▶ _DATA SECTION_
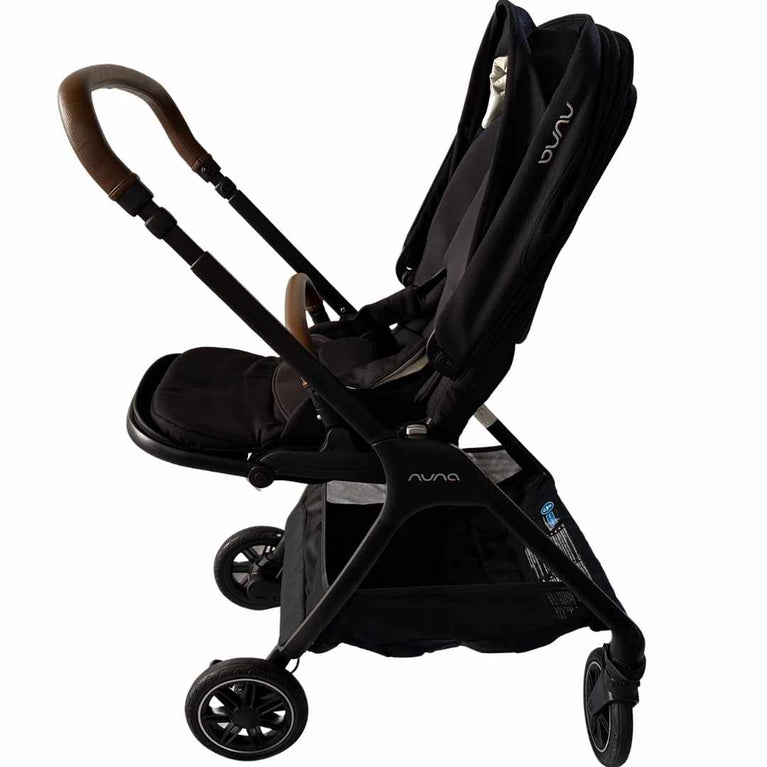 Nuna-Triv-Next-Lightweight-Stroller-Caviar-(2021)-14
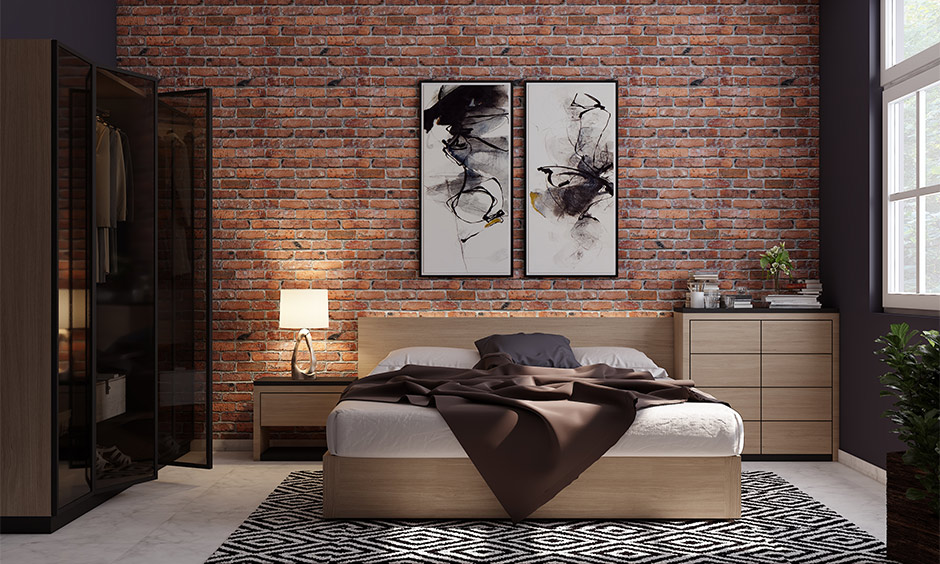 Interior design cost in Ahmedabad for 3BHK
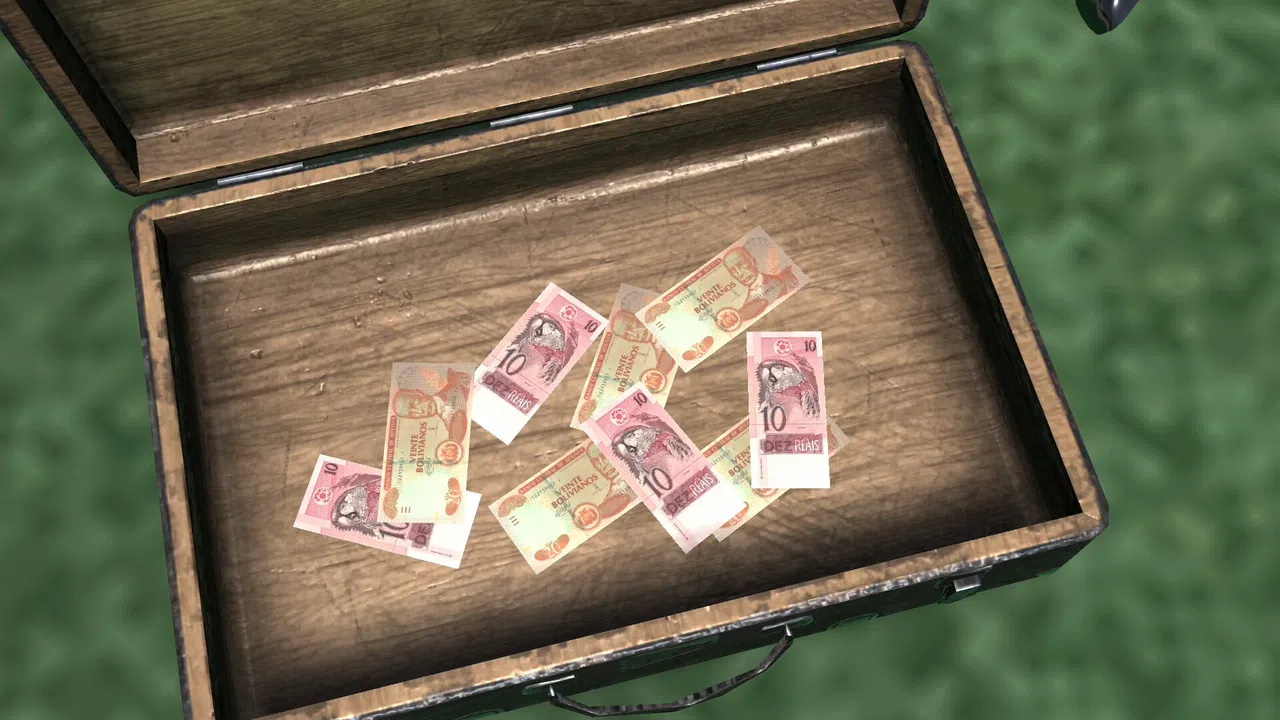 Rising Star 2 - Please, Come to Brazil Screenshot 3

▶ _GOAL OF THE EXERCISE_
Emit the lines of the data above from the one containing "Interior design cost in Ahmedabad for 3BHK" through its final line, both endpoints included. Pictures do not belong in the output.

▶ _EXERCISE SOLUTION_
 Interior design cost in Ahmedabad for 3BHK
 Rising Star 2 - Please, Come to Brazil Screenshot 3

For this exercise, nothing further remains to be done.